Meeting the Challenge
DataArt was chosen as a trusted development partner with a strong experience in building Big Data and IoT based solutions.
The main problems were the huge amount of data, the complicated layer structure and a wide array of file formats. Therefore, the DataArt team decided to train a classifier using a model in which the parameters were words from a test sample with a value equal to the number of keywords in the text.

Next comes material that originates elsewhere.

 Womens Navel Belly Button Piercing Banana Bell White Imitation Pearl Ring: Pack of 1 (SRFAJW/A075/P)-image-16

As a training model our team used a pruned decision tree from the WEKA library. For a quick search of suspected error locations, the IoT team wrote an Apache Spark Streaming job, which «listens» to the stream of log messages, processes them, and performs a real-time NLP-analysis of each log file. If an error has occurred, the end user receives an alert with a description of the potential problem.

Business Benefits
The DataArt team developed an intricate solution, which was aimed at predicting potential failures as quickly as possible, basically as they occur. Therefore, it provides our client much more time to fix issues.

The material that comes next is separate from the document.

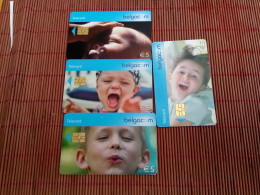 4 Phonecards Child Belgium Used Rare - With Chip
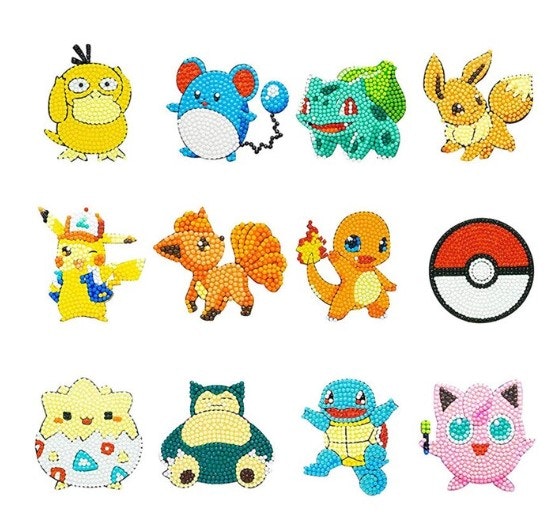 Diamond Painting Stickers Pokemon 12-Pack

OpenStack technologies enable companies to be more innovative and develop business models faster. A simple cluster failure for a company that strongly depends on its infrastructure can turn out to be disastrous.
The PoC project demonstrates the possibility of using Machine Learning combined with OpenStack for monitoring purposes to save companies from experiencing unnecessary problems. More importantly, the PoC demonstrates that OpenStack can be used to address a wide range of issues with Machine Learning algorithms.